— Supplied data —
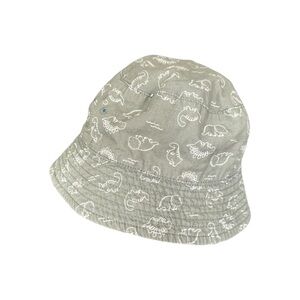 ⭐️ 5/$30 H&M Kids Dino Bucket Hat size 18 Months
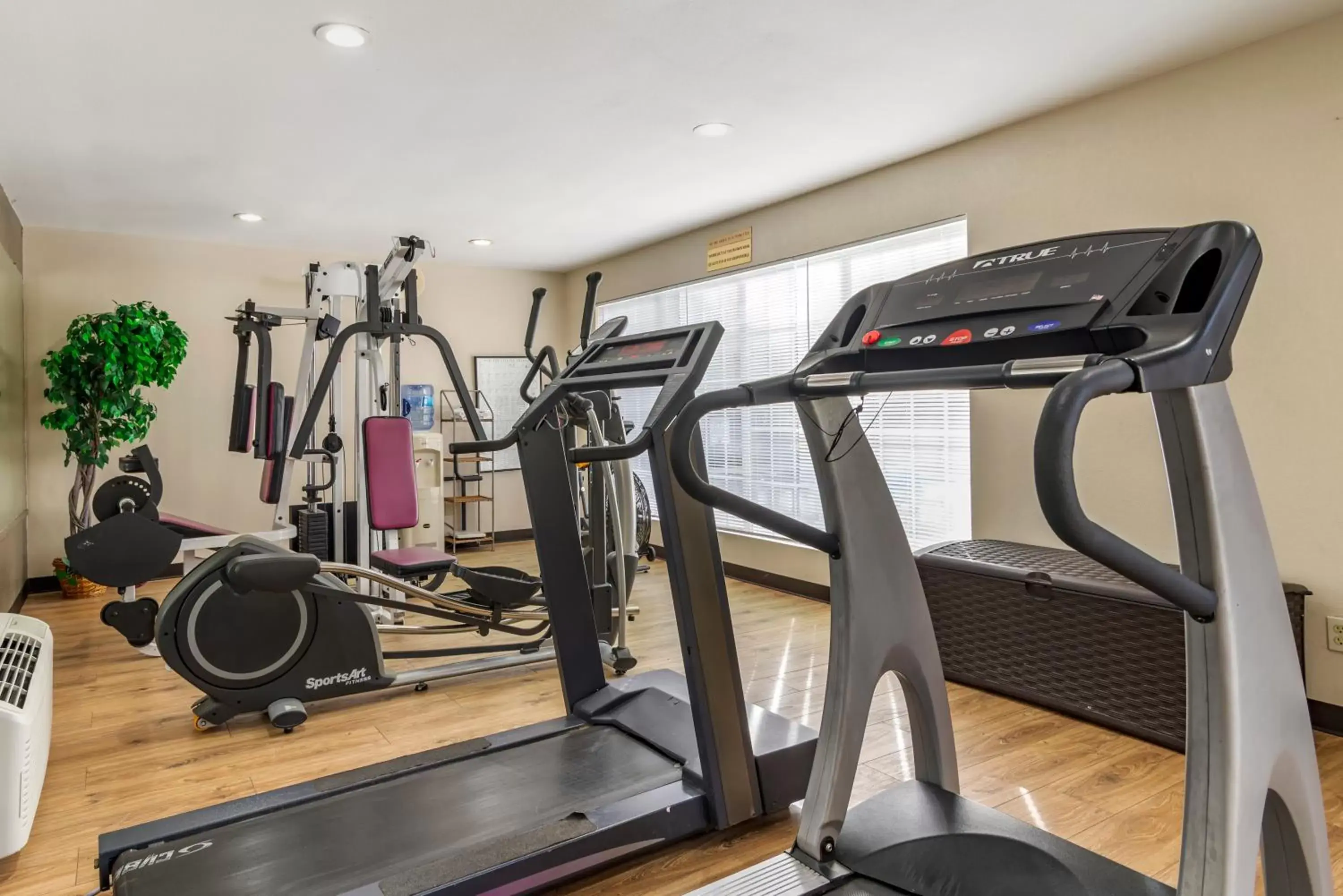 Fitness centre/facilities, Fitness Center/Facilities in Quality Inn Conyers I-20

==

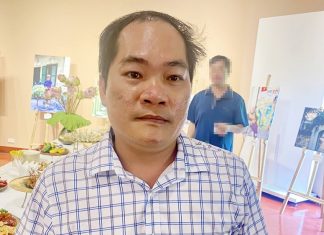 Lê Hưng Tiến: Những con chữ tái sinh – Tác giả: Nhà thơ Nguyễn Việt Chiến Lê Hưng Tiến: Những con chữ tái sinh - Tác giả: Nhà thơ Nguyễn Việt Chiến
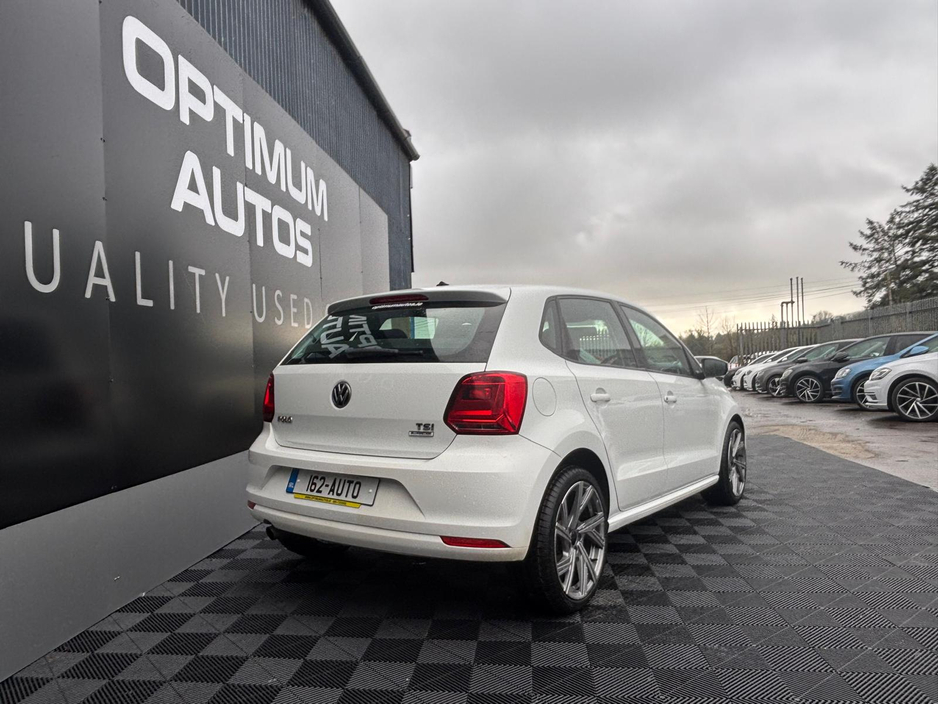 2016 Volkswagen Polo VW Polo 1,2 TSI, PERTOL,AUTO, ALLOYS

— What needs to be done —
What is needed is an exact copy of the lines above, from the one holding "Lê Hưng Tiến: Những con chữ tái sinh –" down to the one holding "2016 Volkswagen Polo", with those two included and the pictures left out.

— Response —
 Lê Hưng Tiến: Những con chữ tái sinh – Tác giả: Nhà thơ Nguyễn Việt Chiến Lê Hưng Tiến: Những con chữ tái sinh - Tác giả: Nhà thơ Nguyễn Việt Chiến
 2016 Volkswagen Polo VW Polo 1,2 TSI, PERTOL,AUTO, ALLOYS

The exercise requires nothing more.